#### DATASET RECORDS ####

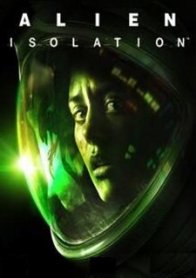 Alien: Isolation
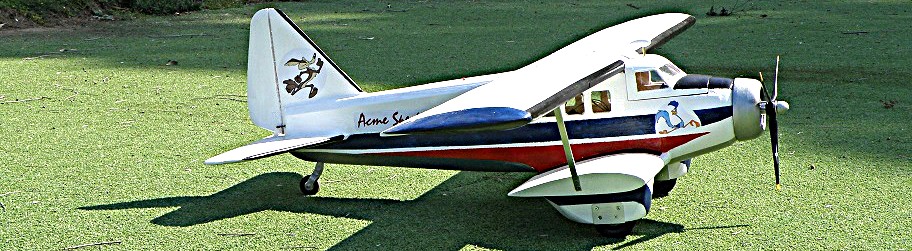 The Acme Special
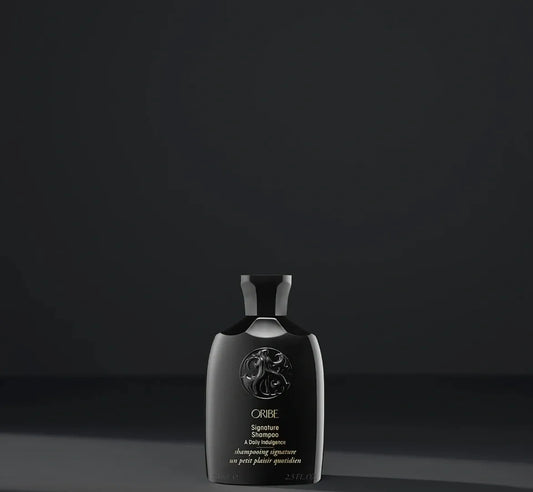 Format voyage Oribe shampoing signature 75 ml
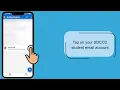 Create your mySDCCD Account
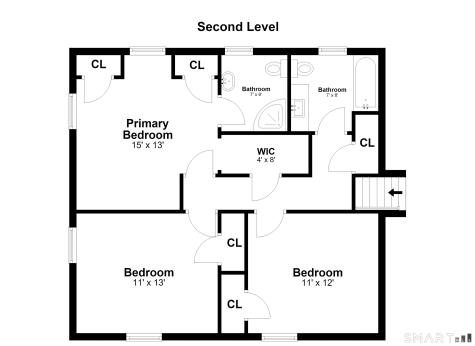 11 Bonnybrook Road Norwalk CT 06850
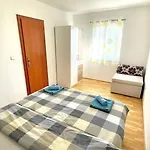 Cosy - Island * Olib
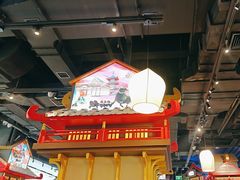 -牛New寿喜烧(闵行龙湖天街店)
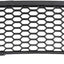 Parachoques delantero Jeep Grand Cherokee 16-21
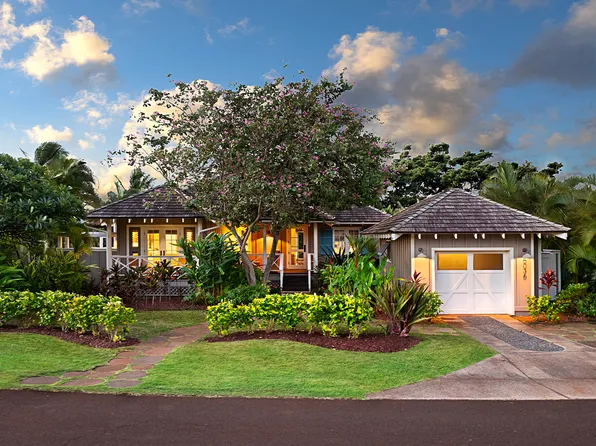 5036 Lau Nahele St, Koloa, HI 96756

####

WHAT IS REQUIRED:
Restate exactly the lines that start at the "Format voyage Oribe" line and end with the last line of the material above, leaving out the pictures.

EXPECTED OUTPUT:
 Format voyage Oribe shampoing signature 75 ml
 Create your mySDCCD Account
 11 Bonnybrook Road Norwalk CT 06850
 Cosy - Island * Olib
 -牛New寿喜烧(闵行龙湖天街店)
 Parachoques delantero Jeep Grand Cherokee 16-21
 5036 Lau Nahele St, Koloa, HI 96756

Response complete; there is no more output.